Instructions to follow - Output, word for word and without pictures, the lines from the one containing "2021 Toyota Corolla" through the final line of the listing below.
───── Exercise data
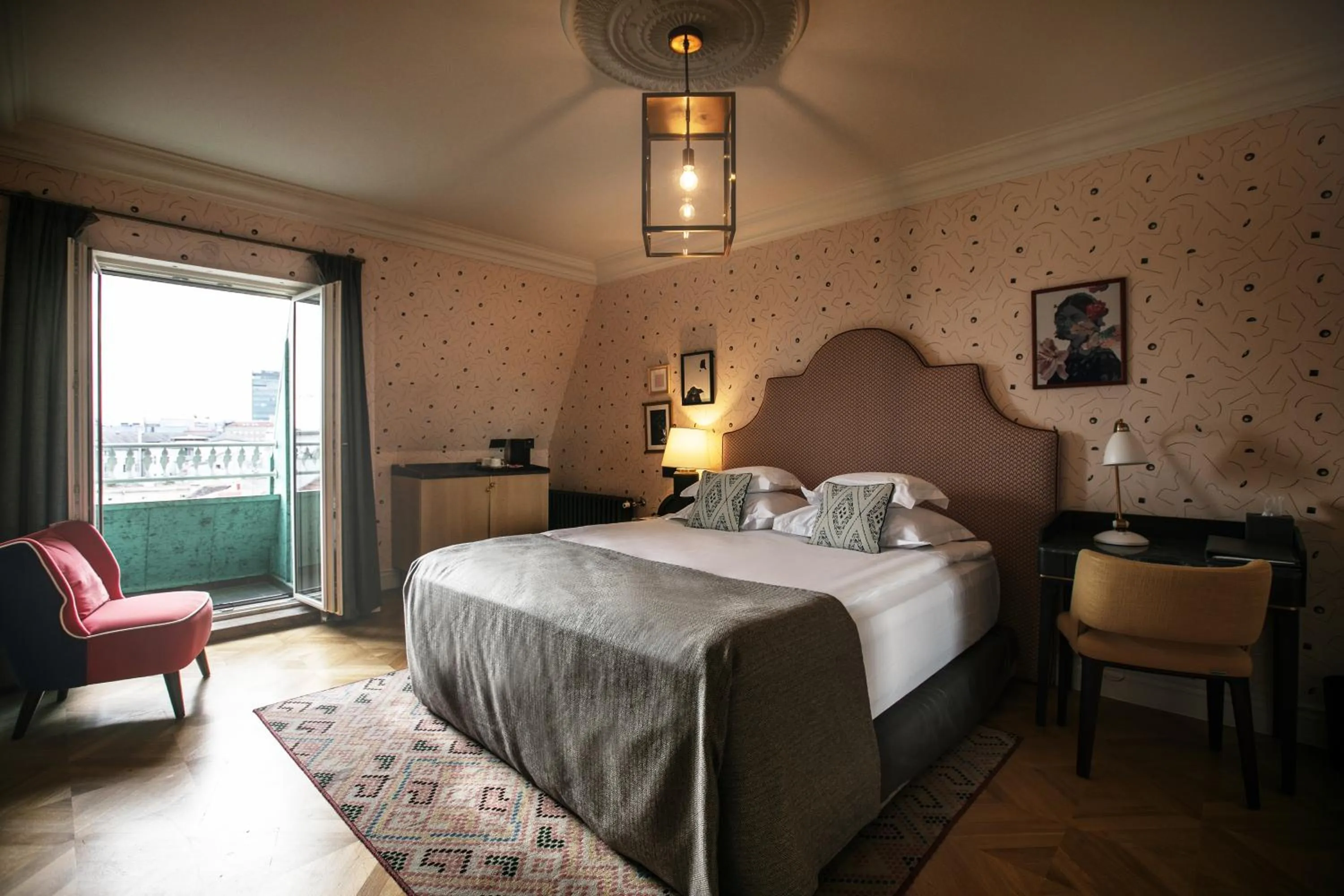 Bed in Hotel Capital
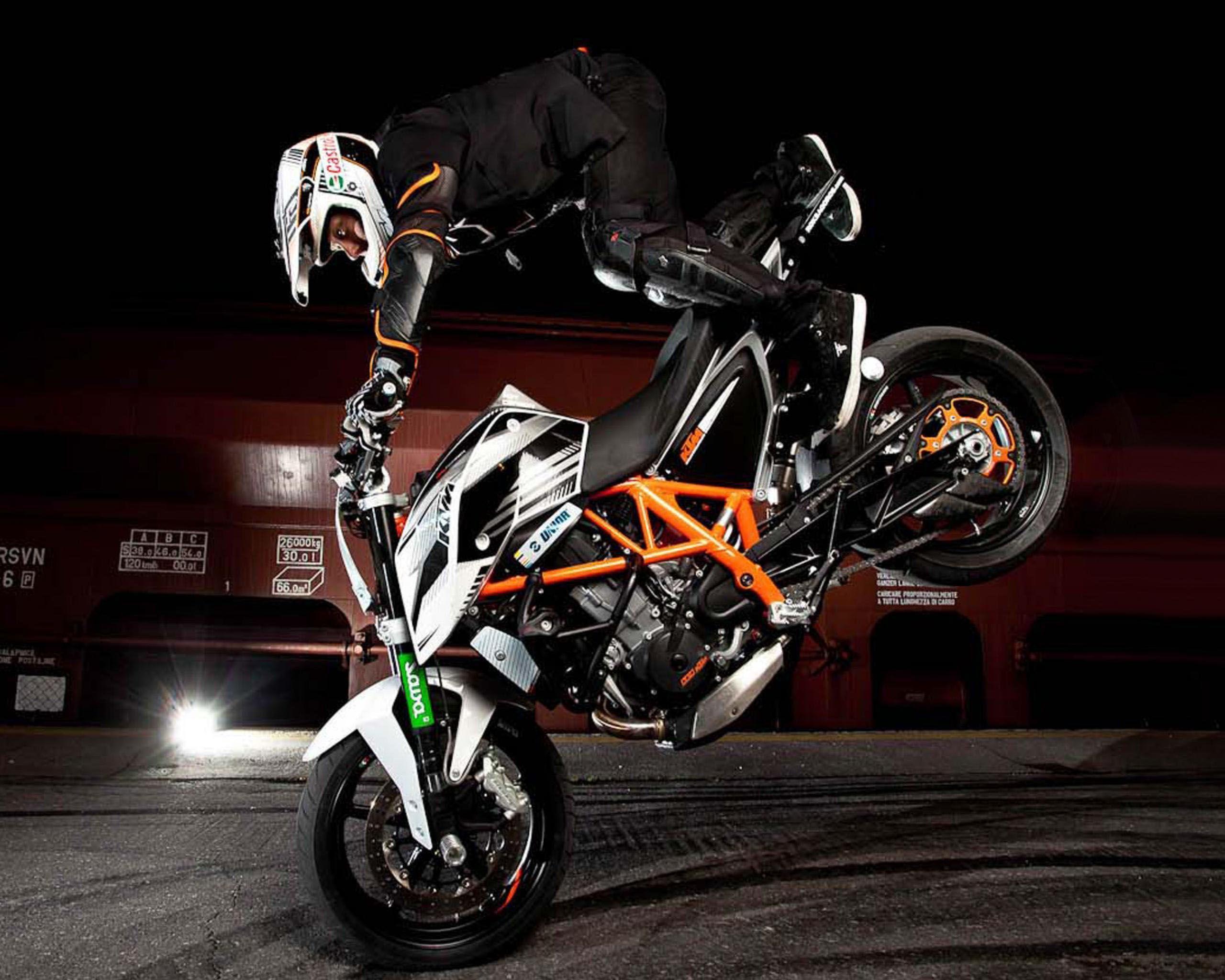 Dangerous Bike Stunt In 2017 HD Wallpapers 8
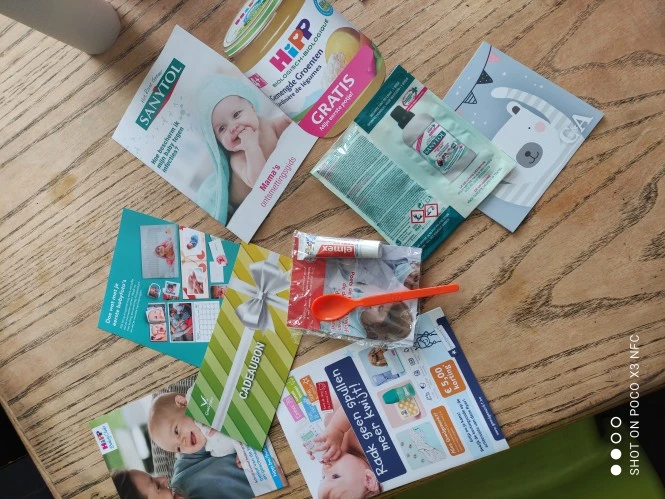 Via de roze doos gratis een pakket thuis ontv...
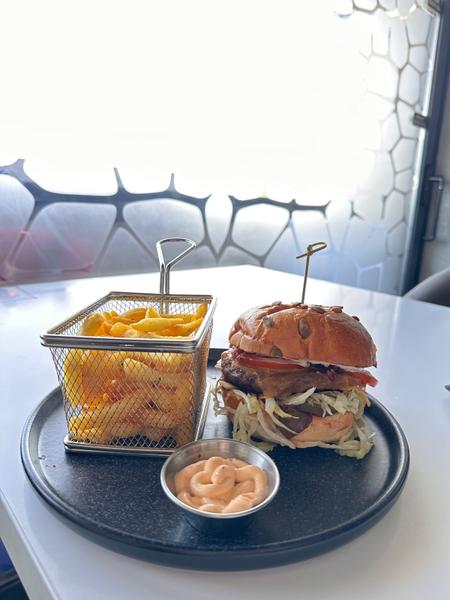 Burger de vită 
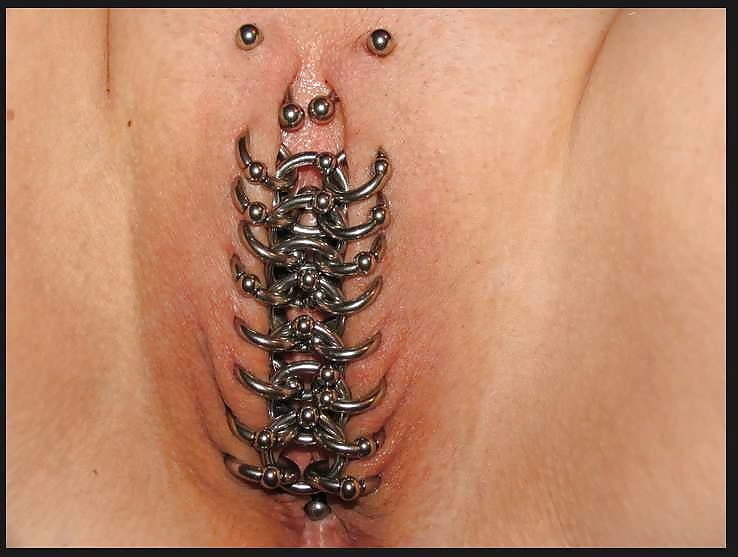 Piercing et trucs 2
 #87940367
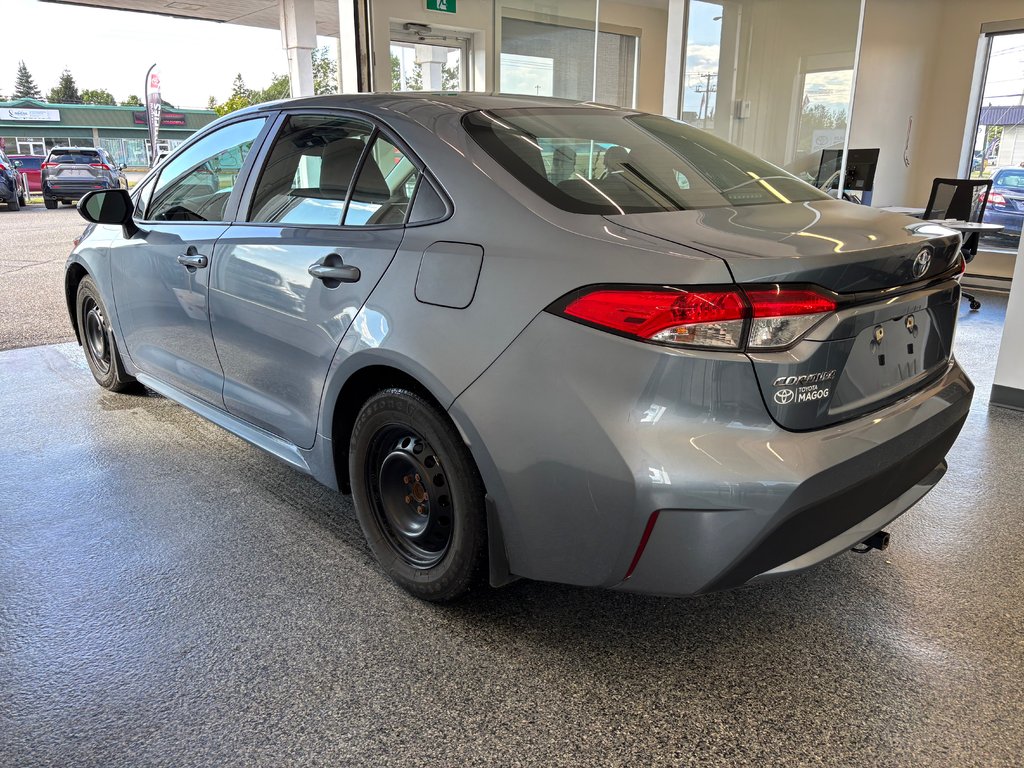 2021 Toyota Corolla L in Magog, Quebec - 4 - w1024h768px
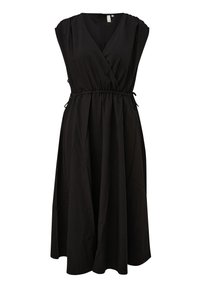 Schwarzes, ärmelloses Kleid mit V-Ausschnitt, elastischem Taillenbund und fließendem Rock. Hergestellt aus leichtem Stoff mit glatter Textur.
──────────
Response to the exercise -
 2021 Toyota Corolla L in Magog, Quebec - 4 - w1024h768px
 Schwarzes, ärmelloses Kleid mit V-Ausschnitt, elastischem Taillenbund und fließendem Rock. Hergestellt aus leichtem Stoff mit glatter Textur.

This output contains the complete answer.